(Beginning of EXTRACTED ENTRIES)

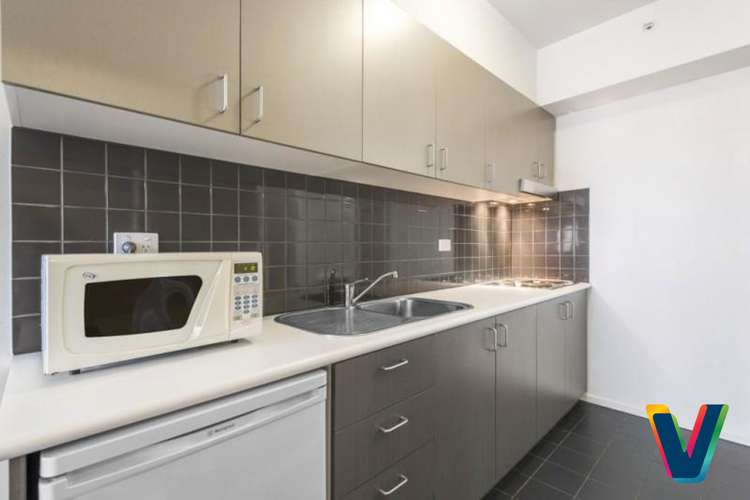 Fourth view of Homely apartment listing, 2006/39 Lonsdale Street, Melbourne VIC 3000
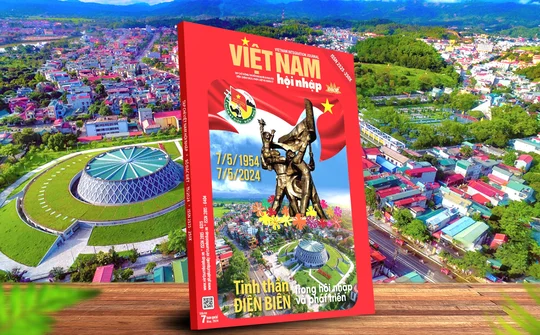 70 năm Chiến thắng Điện Biên Phủ: Chiến thắng là biểu tượng của phong trào giải phóng dân tộc trên thế giới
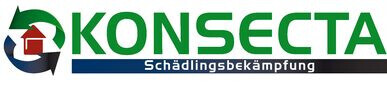 Konsecta - Schädlingsbekämpfung GmbH Logo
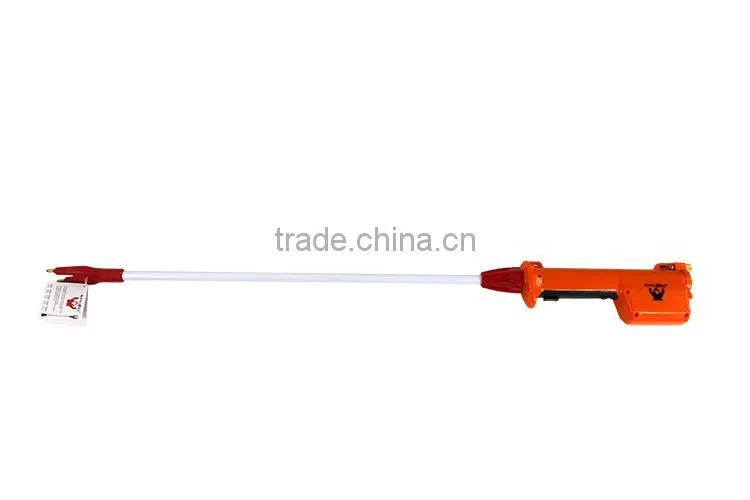 Yonggao Farming Best Quality CE Certification Electric Cattle Stock Proders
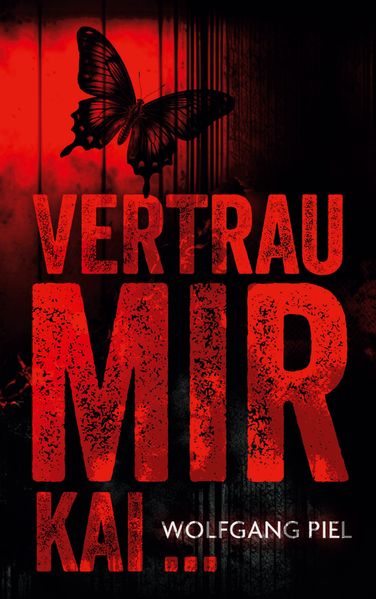 Cover von Vertrau mir, Kai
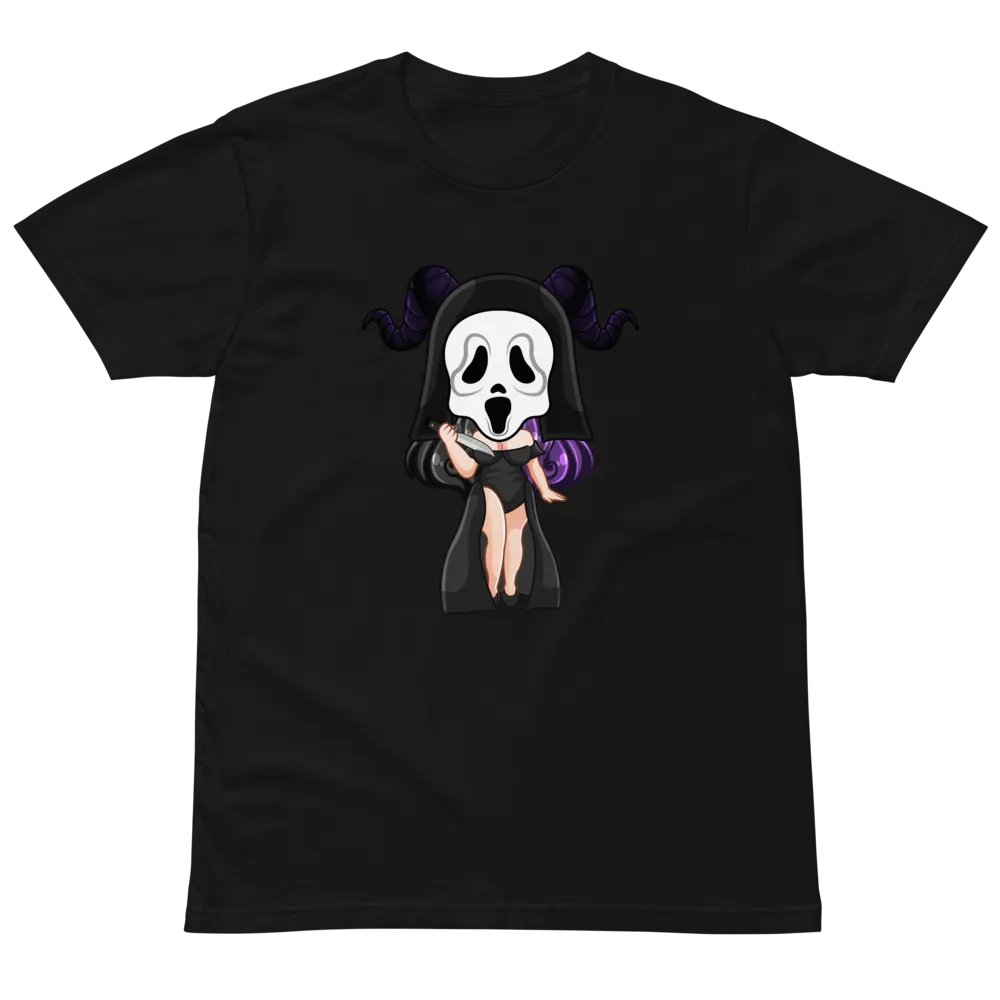Ghostface Latina product image (22)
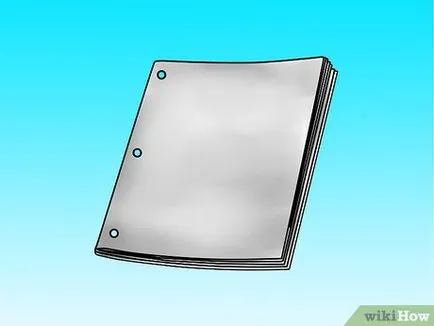 Cum de a face notebook-uri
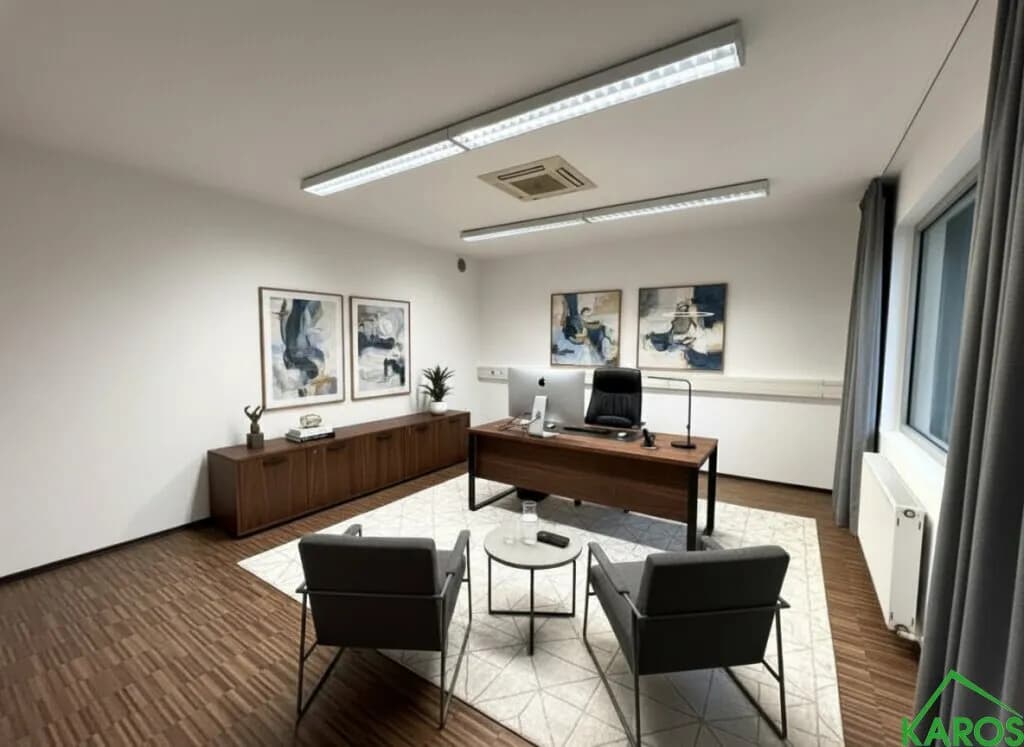 6-Zimmer-Gewerbeimmobilie mieten in Wien – 256 m², € 1.664 – Bild 3 von 27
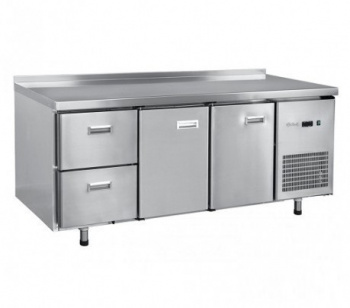 Холодильное оборудование
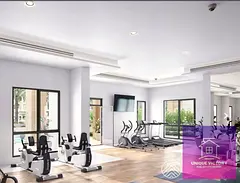 Burj Arab View || 3 Bedroom + Maids || Handover 2025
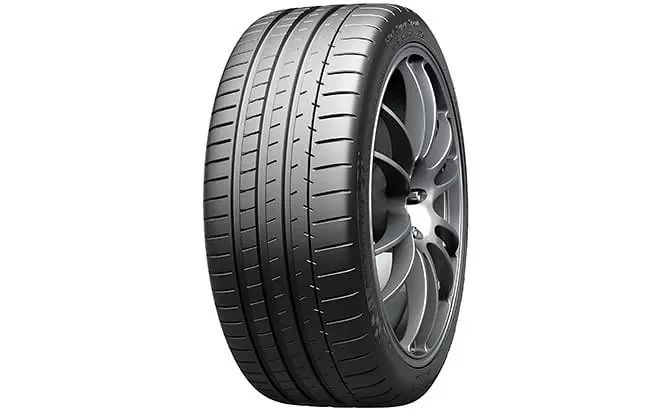 Image Шины YOKOHAMA PORSCHE 315/30 R22 107Y TL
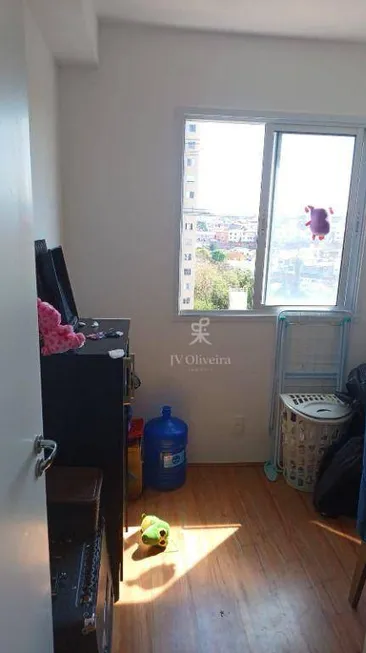 Foto 1 de Apartamento com 2 Quartos à venda, 33m² em Jardim Celeste, São Paulo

(End of EXTRACTED ENTRIES)

**HOW TO COMPLETE THIS TASK**. Reproduce exactly and only the lines from the "Cover von Vertrau mir, Kai" line to the last line of the records above. Do not carry over any pictures.

**EXPECTED ANSWER**.
 Cover von Vertrau mir, Kai
Ghostface Latina product image (22)
 Cum de a face notebook-uri
 6-Zimmer-Gewerbeimmobilie mieten in Wien – 256 m², € 1.664 – Bild 3 von 27
 Холодильное оборудование
 Burj Arab View || 3 Bedroom + Maids || Handover 2025
 Image Шины YOKOHAMA PORSCHE 315/30 R22 107Y TL
 Foto 1 de Apartamento com 2 Quartos à venda, 33m² em Jardim Celeste, São Paulo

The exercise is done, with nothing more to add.